12.2.4 Low-level operations on shared libraries

The interface defined in this section allows the user to load shared libraries (.so files on most Unix systems, .dll files on Windows). This interface is portable to Windows as well as to Unix machines providing dlopen(2) (Solaris, Linux, FreeBSD, Irix and many more) or shl_open(2) (HP/UX). It is advised to use the predicates from section 12.2.3 in your application.

open_shared_object(+File, -Handle)
File is the name of a shared object file (DLL in MS-Windows). This file is attached to the current process, and Handle is unified with a handle to the library. Equivalent to open_shared_object(File, Handle, []). See also open_shared_object/3 and load_foreign_library/1.

On errors, an exception shared_object(Action, Message) is raised. Message is the return value from dlerror().
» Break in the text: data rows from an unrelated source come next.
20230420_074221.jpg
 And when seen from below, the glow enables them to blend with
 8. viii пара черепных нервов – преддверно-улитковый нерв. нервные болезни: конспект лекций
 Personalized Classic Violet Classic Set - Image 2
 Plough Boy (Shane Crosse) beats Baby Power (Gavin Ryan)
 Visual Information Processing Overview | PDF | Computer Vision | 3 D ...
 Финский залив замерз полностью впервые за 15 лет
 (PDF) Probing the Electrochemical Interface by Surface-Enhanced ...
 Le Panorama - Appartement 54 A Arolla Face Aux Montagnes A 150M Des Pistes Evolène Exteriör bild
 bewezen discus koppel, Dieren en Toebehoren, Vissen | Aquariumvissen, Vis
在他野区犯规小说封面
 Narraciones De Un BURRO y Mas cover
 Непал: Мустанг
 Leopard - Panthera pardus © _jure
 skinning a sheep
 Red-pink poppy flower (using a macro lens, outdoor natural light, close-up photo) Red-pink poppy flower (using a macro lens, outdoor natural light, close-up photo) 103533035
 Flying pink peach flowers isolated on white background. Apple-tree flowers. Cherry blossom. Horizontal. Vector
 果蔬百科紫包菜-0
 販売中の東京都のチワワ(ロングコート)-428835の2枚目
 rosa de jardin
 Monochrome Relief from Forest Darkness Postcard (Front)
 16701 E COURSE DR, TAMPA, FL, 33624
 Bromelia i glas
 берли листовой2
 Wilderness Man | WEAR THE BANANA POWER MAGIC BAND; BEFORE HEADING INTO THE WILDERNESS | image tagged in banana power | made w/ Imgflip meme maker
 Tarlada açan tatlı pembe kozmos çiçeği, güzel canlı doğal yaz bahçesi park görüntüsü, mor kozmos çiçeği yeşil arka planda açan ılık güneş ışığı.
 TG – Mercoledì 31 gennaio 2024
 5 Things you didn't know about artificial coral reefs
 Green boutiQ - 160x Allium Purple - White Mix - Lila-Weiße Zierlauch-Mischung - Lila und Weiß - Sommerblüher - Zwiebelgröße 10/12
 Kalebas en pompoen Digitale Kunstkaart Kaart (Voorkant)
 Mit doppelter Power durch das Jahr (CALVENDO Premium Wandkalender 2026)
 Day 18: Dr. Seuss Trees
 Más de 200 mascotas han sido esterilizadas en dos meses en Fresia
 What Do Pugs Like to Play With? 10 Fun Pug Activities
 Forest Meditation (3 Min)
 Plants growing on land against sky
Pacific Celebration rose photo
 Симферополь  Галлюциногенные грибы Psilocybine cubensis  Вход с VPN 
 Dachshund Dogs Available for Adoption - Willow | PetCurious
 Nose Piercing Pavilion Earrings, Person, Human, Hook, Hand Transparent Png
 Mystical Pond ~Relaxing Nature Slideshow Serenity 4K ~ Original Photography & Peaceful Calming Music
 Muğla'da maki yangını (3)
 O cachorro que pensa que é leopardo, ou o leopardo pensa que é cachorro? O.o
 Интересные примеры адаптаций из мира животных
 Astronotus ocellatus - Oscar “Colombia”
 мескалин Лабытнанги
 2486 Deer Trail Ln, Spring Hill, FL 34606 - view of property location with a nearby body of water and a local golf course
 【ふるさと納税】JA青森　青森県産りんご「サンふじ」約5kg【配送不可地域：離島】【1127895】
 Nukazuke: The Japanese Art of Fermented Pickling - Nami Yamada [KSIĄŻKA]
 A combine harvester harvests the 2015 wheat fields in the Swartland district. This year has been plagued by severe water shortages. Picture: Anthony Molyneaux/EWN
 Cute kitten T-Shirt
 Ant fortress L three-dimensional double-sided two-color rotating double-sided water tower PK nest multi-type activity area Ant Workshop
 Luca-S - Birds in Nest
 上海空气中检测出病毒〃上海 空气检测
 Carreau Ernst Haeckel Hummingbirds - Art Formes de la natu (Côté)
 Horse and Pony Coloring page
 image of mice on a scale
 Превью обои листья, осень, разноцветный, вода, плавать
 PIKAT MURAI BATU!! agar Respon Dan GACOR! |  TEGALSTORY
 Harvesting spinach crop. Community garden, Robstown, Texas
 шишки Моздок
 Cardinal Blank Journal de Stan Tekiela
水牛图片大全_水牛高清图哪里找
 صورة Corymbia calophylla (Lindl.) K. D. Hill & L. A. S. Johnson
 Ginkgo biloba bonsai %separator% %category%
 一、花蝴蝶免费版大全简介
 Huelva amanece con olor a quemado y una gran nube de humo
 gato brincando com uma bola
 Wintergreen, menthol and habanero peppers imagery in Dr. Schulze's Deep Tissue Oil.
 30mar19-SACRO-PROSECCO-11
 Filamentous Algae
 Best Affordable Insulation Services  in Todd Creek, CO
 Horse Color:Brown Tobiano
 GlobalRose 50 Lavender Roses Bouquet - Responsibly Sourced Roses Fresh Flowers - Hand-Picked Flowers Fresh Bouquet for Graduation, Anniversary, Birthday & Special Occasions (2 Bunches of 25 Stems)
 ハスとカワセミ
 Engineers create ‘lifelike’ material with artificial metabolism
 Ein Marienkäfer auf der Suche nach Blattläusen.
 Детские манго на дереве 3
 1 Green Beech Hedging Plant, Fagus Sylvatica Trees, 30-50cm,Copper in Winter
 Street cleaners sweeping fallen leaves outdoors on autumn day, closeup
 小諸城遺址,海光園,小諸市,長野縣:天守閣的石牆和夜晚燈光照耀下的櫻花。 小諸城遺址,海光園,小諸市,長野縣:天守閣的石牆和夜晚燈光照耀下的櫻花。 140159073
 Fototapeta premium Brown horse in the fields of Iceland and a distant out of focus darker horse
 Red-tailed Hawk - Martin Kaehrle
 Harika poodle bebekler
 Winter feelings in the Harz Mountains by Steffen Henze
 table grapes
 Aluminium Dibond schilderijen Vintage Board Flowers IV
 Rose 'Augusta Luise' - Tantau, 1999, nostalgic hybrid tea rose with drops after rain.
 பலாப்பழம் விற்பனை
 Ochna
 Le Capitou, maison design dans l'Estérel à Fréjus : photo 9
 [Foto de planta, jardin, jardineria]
open_shared_object(+File, -Handle, +Options)
As open_shared_object/2, but allows for additional flags to be passed. Options is a list of atoms. now implies the symbols are resolved immediately rather than lazy (default). global implies symbols of the loaded object are visible while loading other shared objects (by default they are local). Note that these flags may not be supported by your operating system. Check the documentation of dlopen() or equivalent on your operating system. Unsupported flags are silently ignored.
close_shared_object(+Handle)
Detach the shared object identified by Handle.
call_shared_object_function(+Handle, +Function)
Call the named function in the loaded shared library. The function is called without arguments and the return value is ignored. Normally this function installs foreign language predicates using calls to PL_register_foreign().